JD – That um… reminds me of reading that Thatcher said of the hunger strike effectively, there is no such thing as political prisoners, only criminals. I guess that relates to what you´re saying there that when there is a conflict like that prisons aren´t just full of criminals, they are full of all sorts of people.

ML – That´s right, that´s right. Especially when you have a very unusual situation like you did in Northern Ireland. James I was only a kid when ´´The Troubles´´ broke out and my whole community was thrown upside down. Men were roaming the streets who don´t normally roam the streets wanting to kill people, or wanting to defend their community. There was a huge amount of emotion going around. A lot of people got involved and did stupid things when they were very very young and ended up in prison. This play is trying to say to people, ´´Please understand that, and understand that it could´ve been you.´´

JD – For sure, and I´ve read that the former prison is to become a ´global conflict study centre´. I was recently in Chile and Argentina and saw that in Santiago and Cordoba places that were former prisons and interrogation centres during the dictatorships of the seventies have become museums and centres to talk about what went wrong and human rights…

ML – Right, right…

JD – … and with the overarching philosophy of ´´Never Again.´´ Is that the kind of thing they´re looking at with the former Long Kesh site?

ML – They are trying to do that here James, but it has run into great difficulties… there is a great divide in Northern Ireland about what to do with the prison. Republicans think it should be retained as a museum and a post conflict study centre and Loyalists think it should be knocked down because they think it will become a shrine for the hunger strikers or to Republican icons. So there´s been a lot of dispute on that, but quite recently there´s a coming together again and I think we´re going to get something new out of it soon. I think it will be along the lines of a reconciliatory centre at some stage.
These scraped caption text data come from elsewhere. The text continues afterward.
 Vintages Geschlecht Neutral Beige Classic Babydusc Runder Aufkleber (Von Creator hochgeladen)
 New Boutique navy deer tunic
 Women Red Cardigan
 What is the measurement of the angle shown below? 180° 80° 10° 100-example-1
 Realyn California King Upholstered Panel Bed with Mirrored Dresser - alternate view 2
JD – And just finally, I wondered if you were interested in the play coming to Tasmania and how it will be received here given our convict past, effectively a prison island for a time, many of which came from your part of the world, you only have to look at the surnames here. Is that something you find interesting, that it is showing over here?
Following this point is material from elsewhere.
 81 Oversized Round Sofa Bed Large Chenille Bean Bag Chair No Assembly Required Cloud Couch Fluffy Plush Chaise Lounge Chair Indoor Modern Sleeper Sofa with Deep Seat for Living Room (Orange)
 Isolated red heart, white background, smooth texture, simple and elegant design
ML – Absolutely. We´re actually coming to Tasmania for Ten Days and to visit some relatives. We´re very much interested in that, and, we´re keen to play in Tasmania, and we´re keen to explore the island and find out about the whole Irish connection as well. And we´re obviously hoping with the whole Irish connection that some of these people will come and see the play. It’s the sort of play though that steps outside Ireland, we´ve played in Edinburgh, to Canadians, Americans, French, and people just love it. I think it’s a universal story of people incarcerated.
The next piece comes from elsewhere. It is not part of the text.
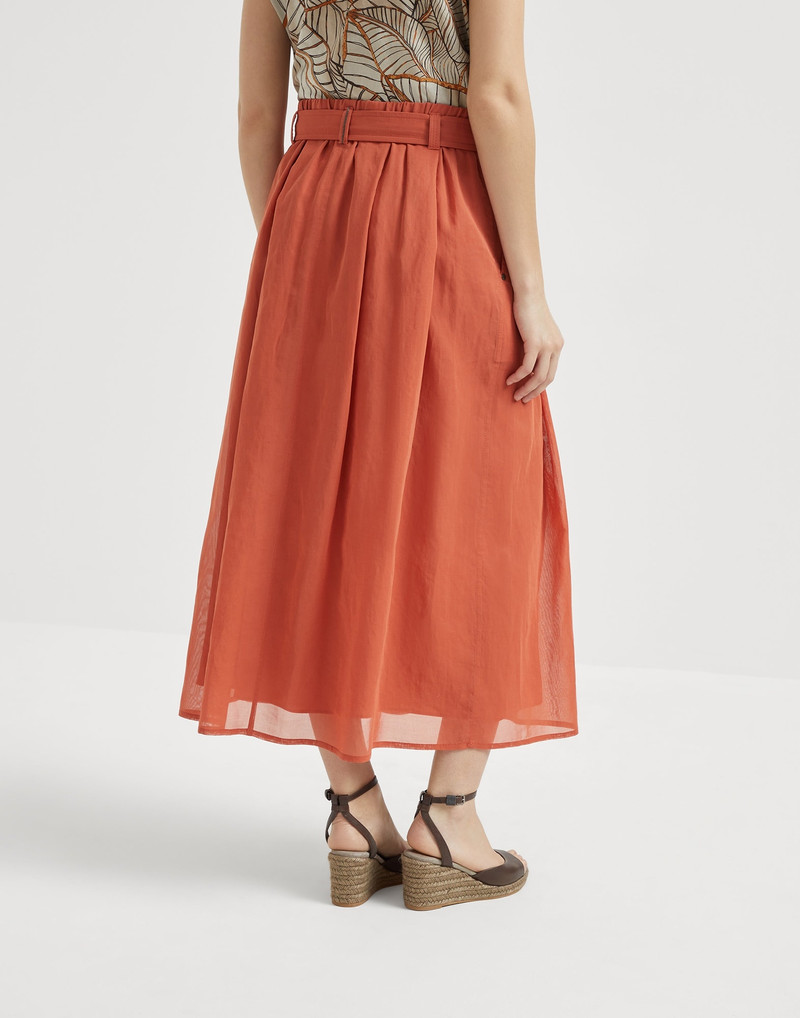 Brunello Cucinelli Cotton organza full skirt with monili outlook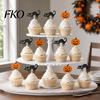 Cake Topper 8 Pcs Cat Cupcake Topper, Halloween Black Cute Kitten Food Pick for Baby Shower Birthday Wedding Party Decoration Creamy Desserts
JD – And when are you coming?

ML – We leave here Friday and I think we get to your place on Monday. Our first night I think is Tuesday or Wednesday night, at the Royal Theatre I think.

JD – The Theatre Royal.

ML – We´re very much looking forward to it, and we´re very excited about it.

JD – Well, that´s all from me…

ML – Brilliant James, thank you very much for taking the time to talk on the phone.

The Chronicles of Long Kesh is showing throughout Ten Days on the Island at the Theatre Royal in Hobart – get yourself along to it!